“While burnout manifest in individuals, it originates in systems.” – Christine Sinsky, MD
On a recent Tim Ferriss podcast, fantasy author Brandon Sanderson—who writes an incredible 300,000 to 400,000 words a year—shared how he built a company designed to let him do what he does best: write.
Every aspect of his business is structured to eliminate distractions and maximize his creative output. He has a team that handles everything outside of writing—marketing, publishing, logistics—so he can stay in his creative flow or as he says, “let Brandon cook.”
Cal Newport, a well-known productivity expert, was so intrigued by this concept that he dedicated an entire podcast episode to it. Exploring a simple yet profound question:
👉 Why do companies burden their most productive employees with non-essential tasks that pull them away from their core work?
This got me thinking—shouldn’t healthcare systems do the same for their providers?
The Healthcare Provider’s Role: Chef or Busboy?
The vast majority of healthcare revenue stems from providers—whether through patient visits, ordering studies, performing procedures, or delivering other services. And yet, over the years, layers of bureaucracy, policies, and technology have made providers less like chefs and more like waitstaff, busboys, and managers—handling work that is inefficient, unfulfilling, and not the reason they entered medicine.
If we want providers to be at their best, we must let them cook. Instead, too many are bogged down by:
✅ Inefficient electronic medical records (EMRs)
✅ A flood of patient messages
✅ Endless refill requests
✅ Pointless Meetings
✅ Prior authorizations
✅ Coding and excessive documentation
The result? Frustrated providers, reduced productivity, and ultimately, a struggling healthcare system.

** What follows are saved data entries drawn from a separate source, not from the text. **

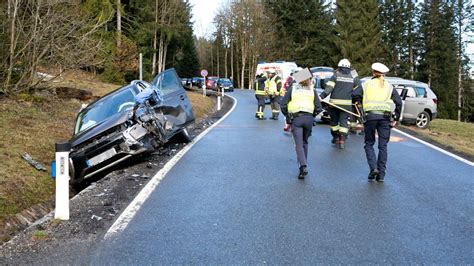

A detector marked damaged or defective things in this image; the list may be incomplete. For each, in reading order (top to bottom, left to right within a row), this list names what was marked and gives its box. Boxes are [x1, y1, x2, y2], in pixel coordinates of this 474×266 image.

shattered windshield [74, 87, 136, 134]
damaged silver car [68, 67, 194, 186]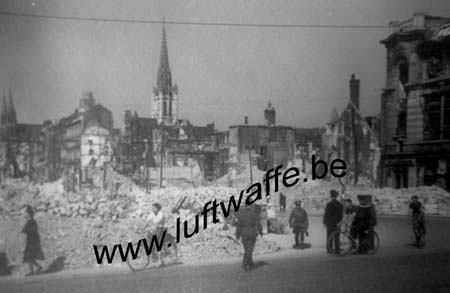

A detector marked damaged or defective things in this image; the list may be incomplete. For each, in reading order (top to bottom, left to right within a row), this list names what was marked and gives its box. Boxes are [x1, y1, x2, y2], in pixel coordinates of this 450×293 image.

damaged facade [322, 74, 382, 186]
damaged facade [382, 13, 450, 189]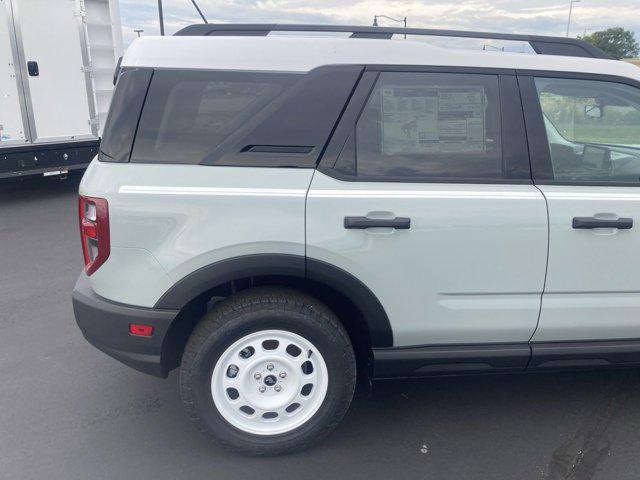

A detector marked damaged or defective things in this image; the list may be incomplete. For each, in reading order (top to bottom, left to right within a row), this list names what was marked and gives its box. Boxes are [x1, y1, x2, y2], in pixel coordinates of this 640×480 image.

crack in asphalt [544, 372, 632, 480]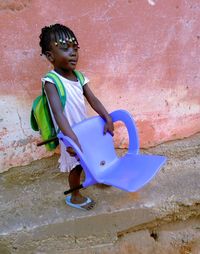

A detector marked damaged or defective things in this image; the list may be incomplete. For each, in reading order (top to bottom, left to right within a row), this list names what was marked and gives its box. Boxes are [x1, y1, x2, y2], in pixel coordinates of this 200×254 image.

peeling wall paint [0, 0, 199, 172]
cracked wall [0, 0, 200, 172]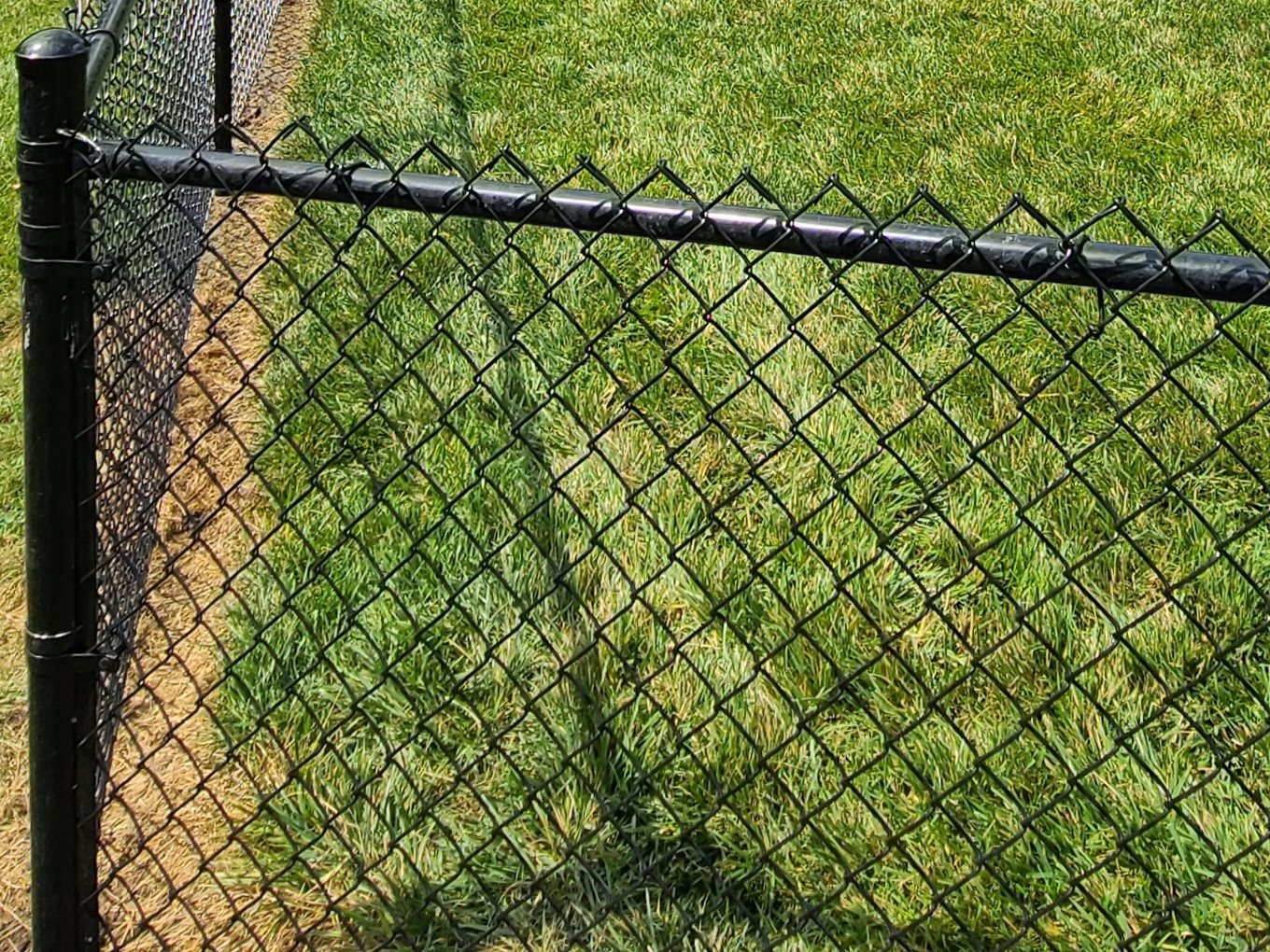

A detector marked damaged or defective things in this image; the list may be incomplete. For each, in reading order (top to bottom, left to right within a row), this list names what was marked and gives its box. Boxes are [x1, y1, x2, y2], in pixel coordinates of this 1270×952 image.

rust-free black metal tubing [83, 0, 135, 107]
rust-free black metal tubing [213, 0, 233, 148]
rust-free black metal tubing [92, 141, 1270, 307]
rust-free black metal tubing [17, 27, 100, 952]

The Cost of Administrative Overload
Every hour spent on non-clinical work is an hour taken away from patient care. Studies show that physicians and advanced practice providers spend twice as much time on administrative work as they do with patients.
This inefficiency leads to:
🔹 Provider burnout: When clinicians spend more time battling administrative tasks than practicing medicine, their job satisfaction plummets.
🔹 Reduced patient access: Overloaded providers see fewer patients, increasing wait times and limiting access to care.
🔹 Higher turnover: Burned-out providers are leaving the profession at alarming rates, creating staffing shortages and worsening the healthcare crisis.
If a chef quits, the restaurant suffers. If providers burn out, patient care suffers.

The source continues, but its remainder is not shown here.